> **Problem description**
Return, word for word, every line starting at the line with "Stock fotó: Bunch" and ending at the final line of the entries; skip the pictures.

> **Raw data**

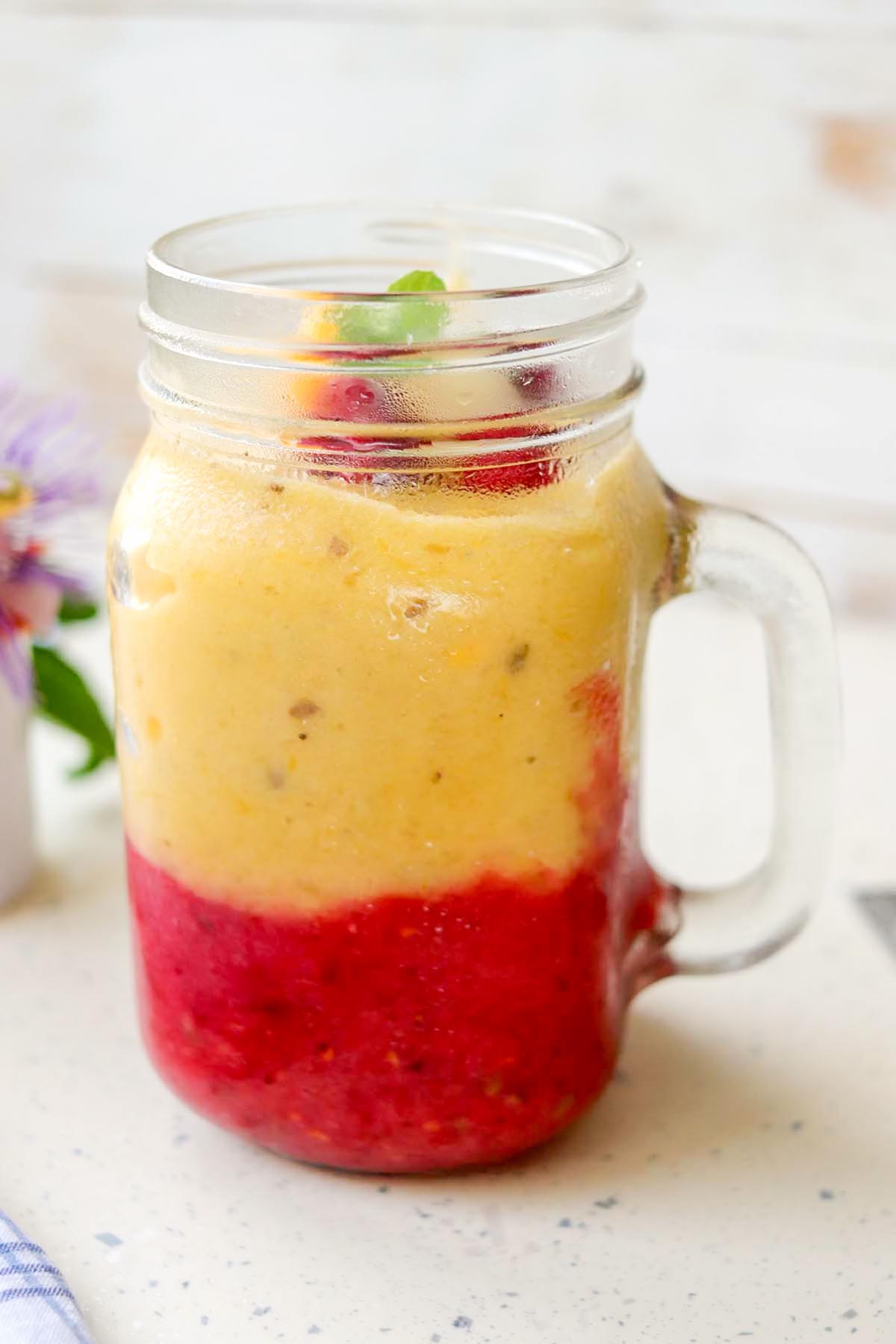 side view of pineapple raspberry smoothie in a glass jar.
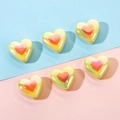 Close-up of yellow and orange heart beads for DIY crafts on a blue and pink background - Yellow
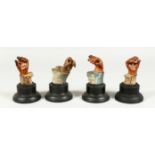 FOUR CARVED TERRACOTTA STUDIES OF HANDS in various poses. 4.5ins high.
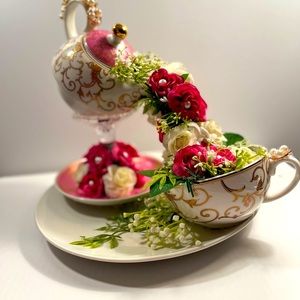 Beautiful delicate handmade floating Grace Teawear teapot with elegant design.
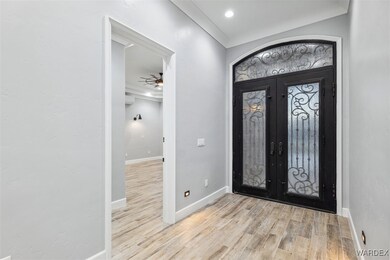 Entryway featuring crown molding, ceiling fan, fre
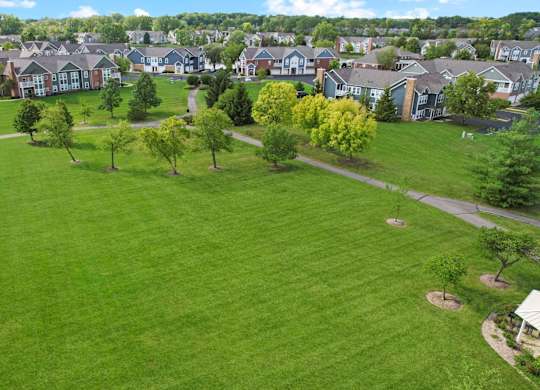 A large grassy field with trees and houses in the background.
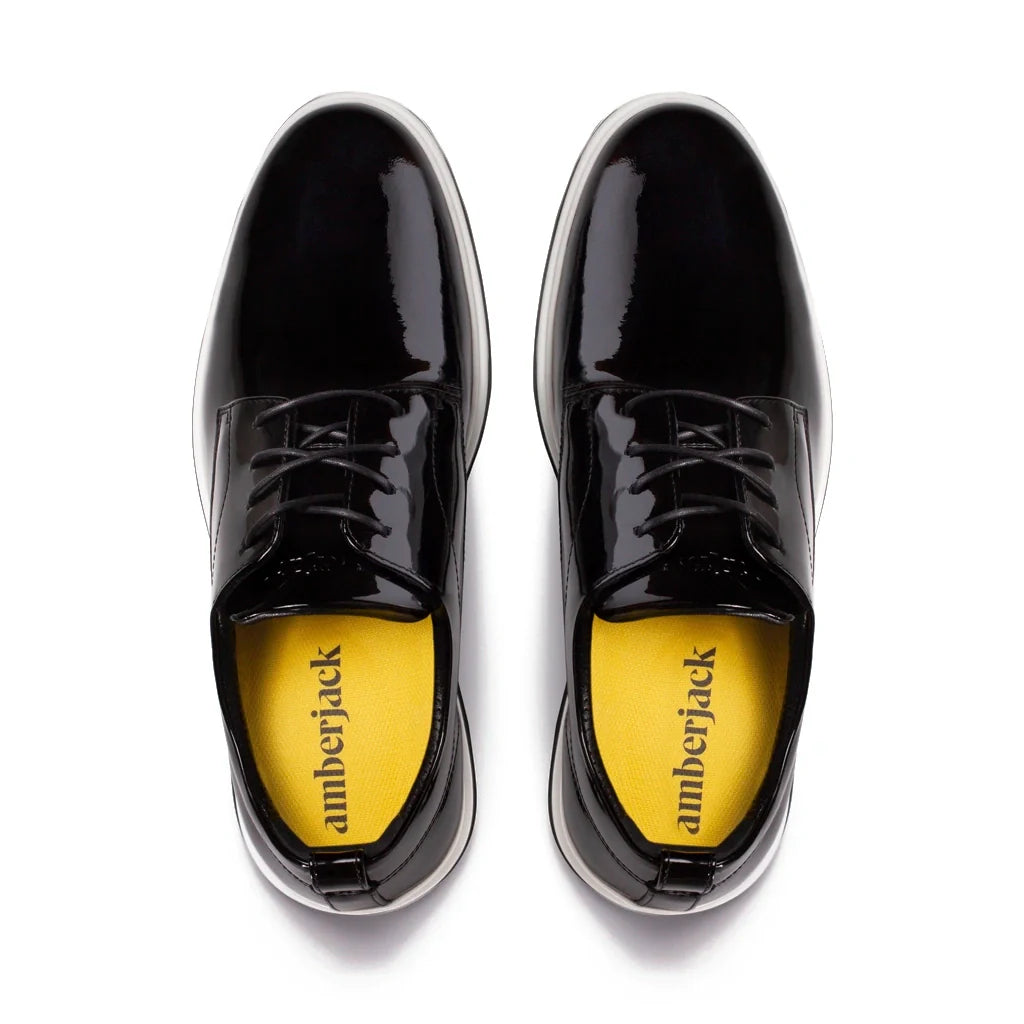 Black patent leather shoes with yellow soles on a white background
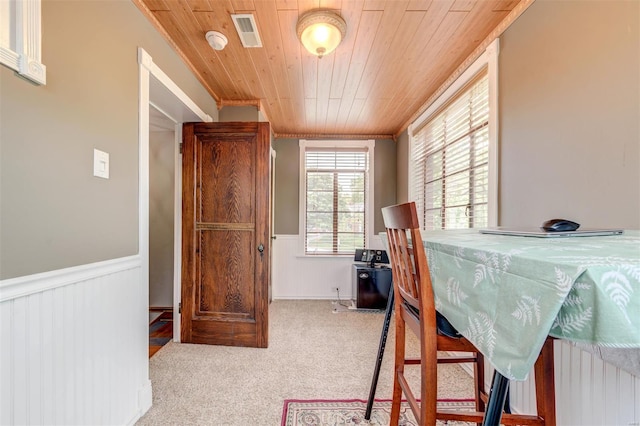 bedroom featuring wooden ceiling, wainscoting, carpet, and crown molding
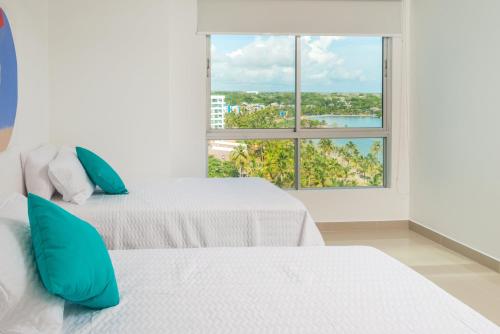 two beds in a room with a large window at Magico Apartamento Frente al Mar 3 Habitaciones AR91 in Pativilca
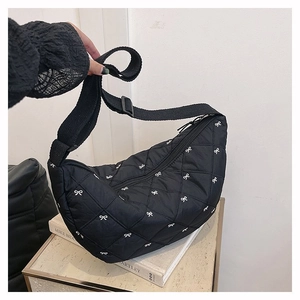 Detailansicht der schwarzen Stepptasche mit bestickten Schleifen und verstellbarem Gurt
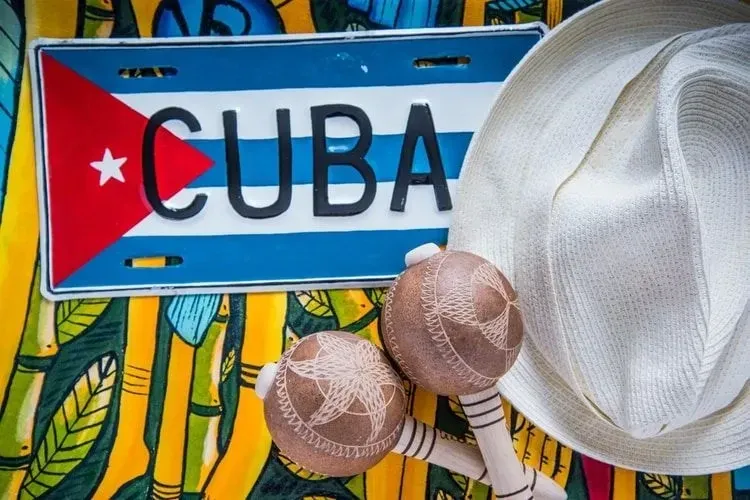 Cuban flag with Panama hat and macaras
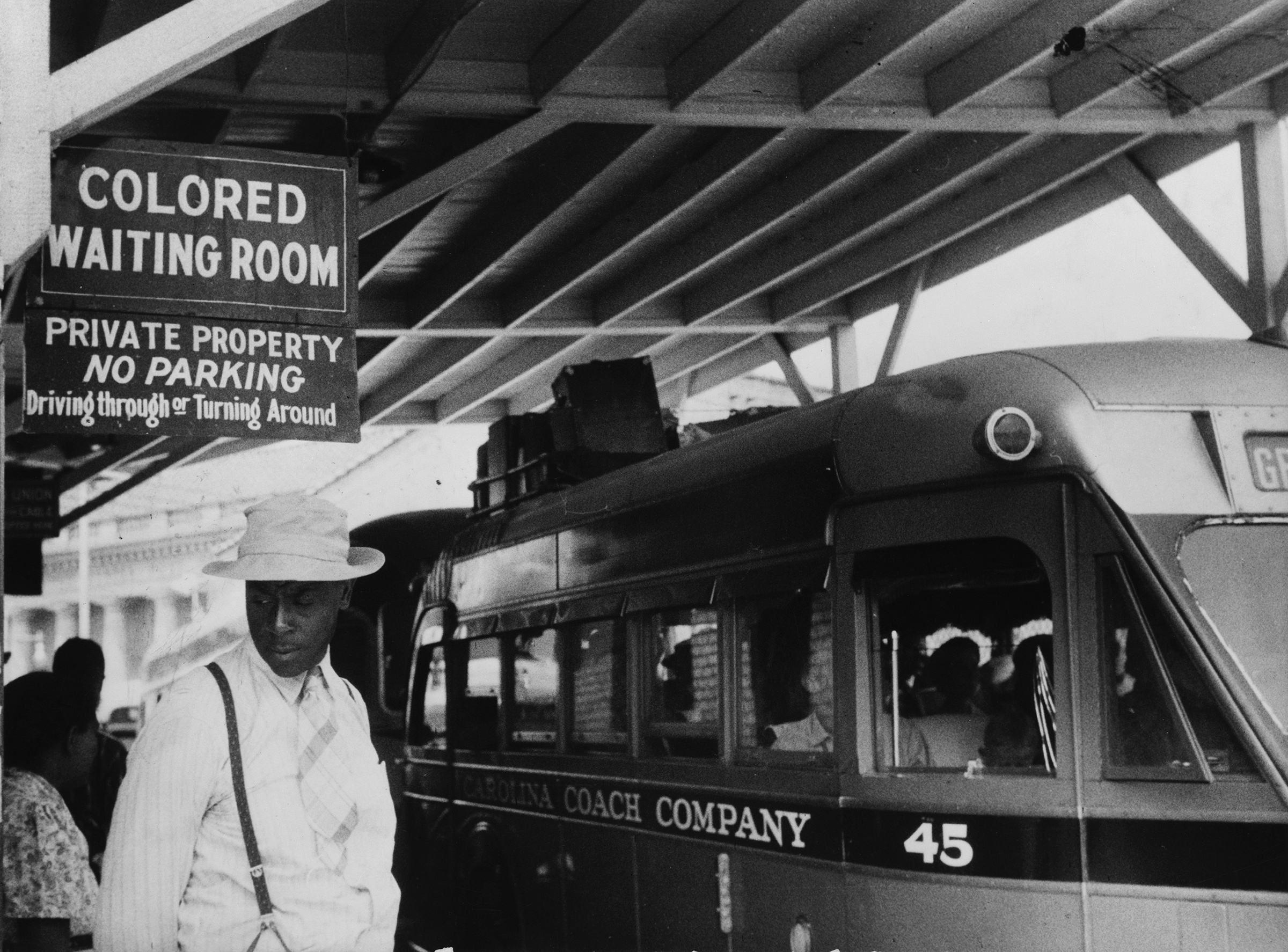 Passengers under a sign that reads “Colored Waiting Room” at a bus station in Durham, N.C., in 1940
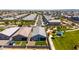 Aerial view highlighting backyard, community park, and street at 4114 S 106Th Dr, Tolleson, AZ 85353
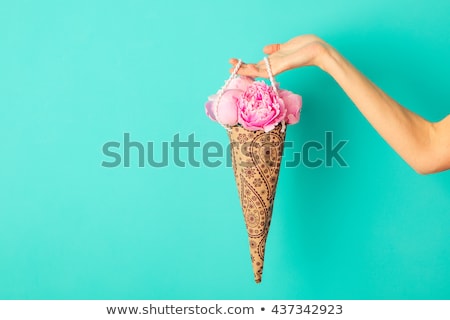 Stock fotó: Bunch Of Peonies Flowers In Female Hand On A Turquoise Wall Background Copy Space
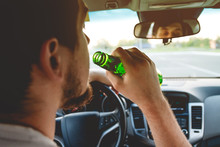 Drunk Young Man Driving A Car With A Bottle Of Beer. Don't Drink And Drive Concept. Driving Under The Influence. DUI, Driving While Intoxicated. DWI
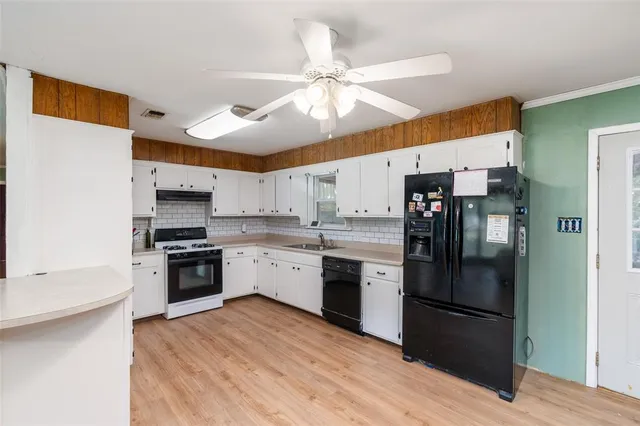 a kitchen with stainless steel appliances granite countertop a refrigerator a sink dishwasher a stove and a refrigerator with wooden floor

> **Solution to this exercise**
 Stock fotó: Bunch Of Peonies Flowers In Female Hand On A Turquoise Wall Background Copy Space
 Drunk Young Man Driving A Car With A Bottle Of Beer. Don't Drink And Drive Concept. Driving Under The Influence. DUI, Driving While Intoxicated. DWI
 a kitchen with stainless steel appliances granite countertop a refrigerator a sink dishwasher a stove and a refrigerator with wooden floor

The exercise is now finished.